Extracted information:
┄┄┄┄┄┄
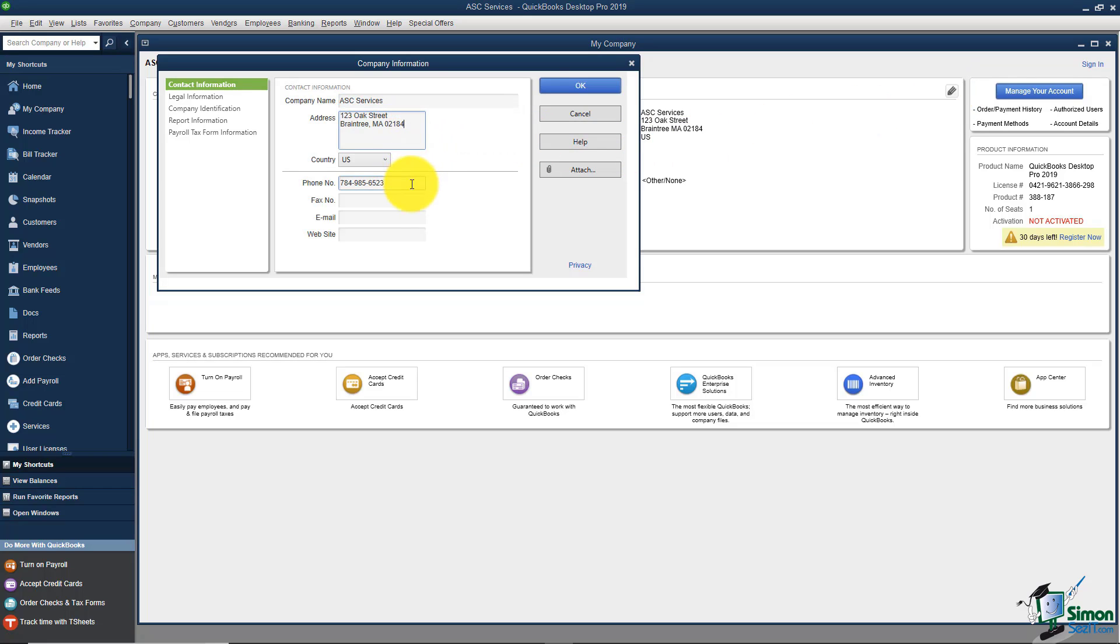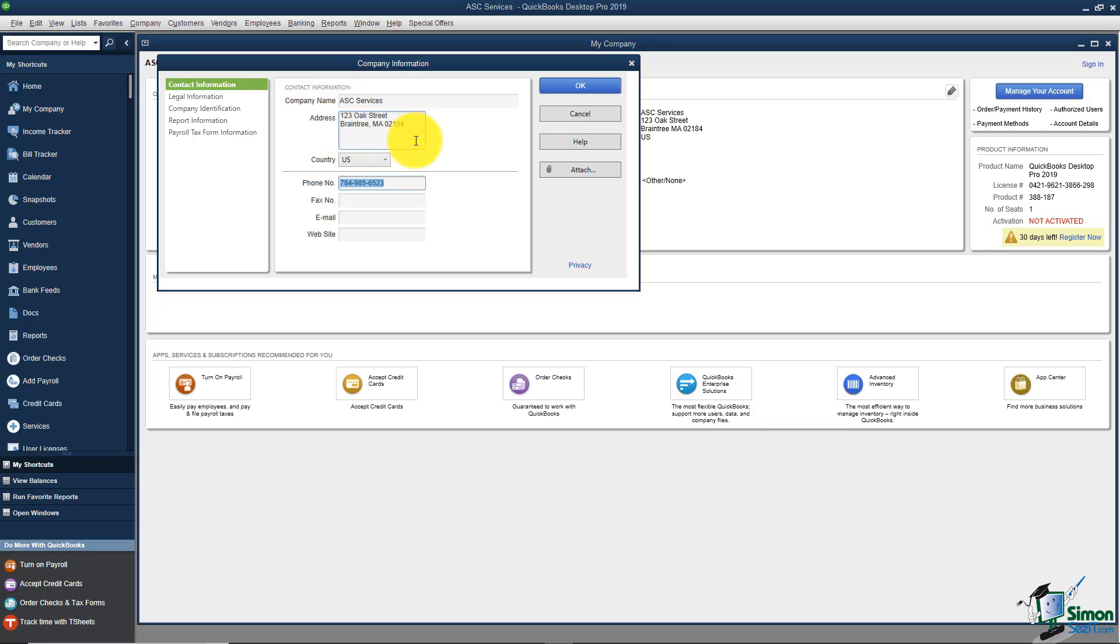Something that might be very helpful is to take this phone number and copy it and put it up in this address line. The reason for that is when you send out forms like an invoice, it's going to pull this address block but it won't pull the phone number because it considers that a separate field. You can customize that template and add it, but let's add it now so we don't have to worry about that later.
┄┄┄┄┄┄
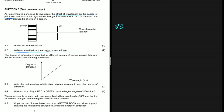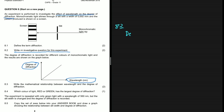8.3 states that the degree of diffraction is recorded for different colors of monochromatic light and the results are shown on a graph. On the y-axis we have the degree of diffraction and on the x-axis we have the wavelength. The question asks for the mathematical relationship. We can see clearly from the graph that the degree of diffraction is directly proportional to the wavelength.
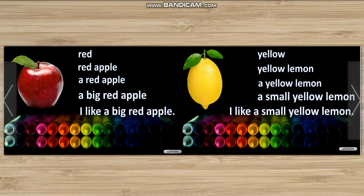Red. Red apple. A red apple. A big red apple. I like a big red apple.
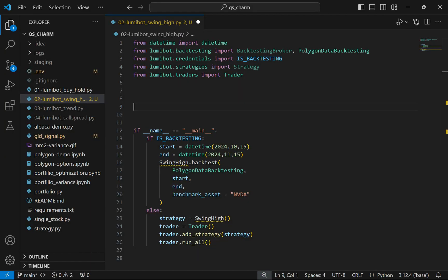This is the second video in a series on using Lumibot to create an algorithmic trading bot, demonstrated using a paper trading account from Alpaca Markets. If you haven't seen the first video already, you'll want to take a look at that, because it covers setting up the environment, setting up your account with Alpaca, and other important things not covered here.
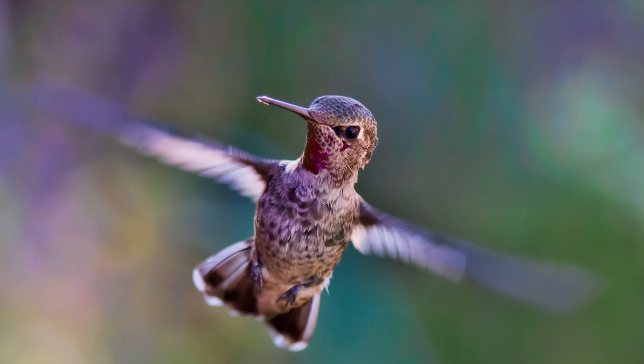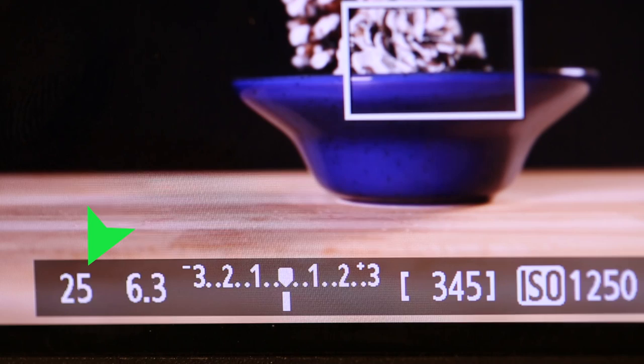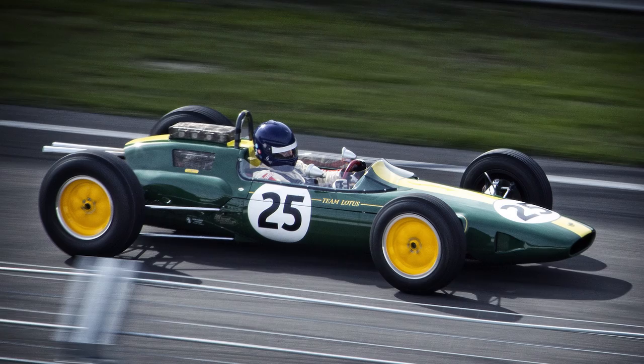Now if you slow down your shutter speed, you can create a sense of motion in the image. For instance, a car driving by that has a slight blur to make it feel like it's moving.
┄┄┄┄┄┄
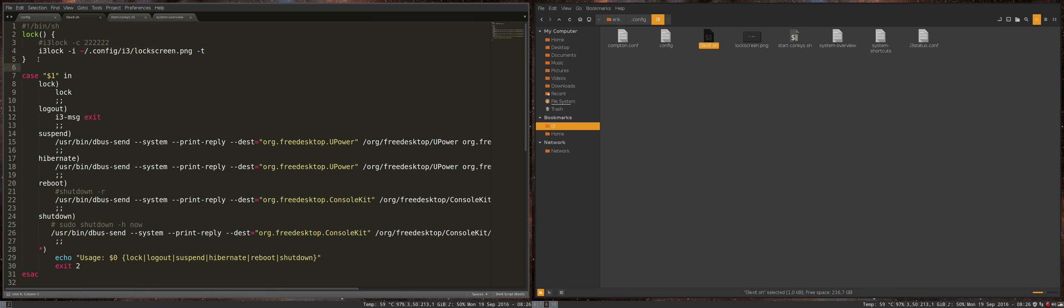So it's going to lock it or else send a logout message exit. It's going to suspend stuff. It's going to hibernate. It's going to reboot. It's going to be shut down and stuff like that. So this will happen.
┄┄┄┄┄┄
Exercise directions: In the material above, one part opens with the line containing "8.3 states that" and closes with the line containing "Now if you slow". Write out that part exactly and skip its pictures.

Solution for this problem:
8.3 states that the degree of diffraction is recorded for different colors of monochromatic light and the results are shown on a graph. On the y-axis we have the degree of diffraction and on the x-axis we have the wavelength. The question asks for the mathematical relationship. We can see clearly from the graph that the degree of diffraction is directly proportional to the wavelength.
Red. Red apple. A red apple. A big red apple. I like a big red apple.
This is the second video in a series on using Lumibot to create an algorithmic trading bot, demonstrated using a paper trading account from Alpaca Markets. If you haven't seen the first video already, you'll want to take a look at that, because it covers setting up the environment, setting up your account with Alpaca, and other important things not covered here.
Now if you slow down your shutter speed, you can create a sense of motion in the image. For instance, a car driving by that has a slight blur to make it feel like it's moving.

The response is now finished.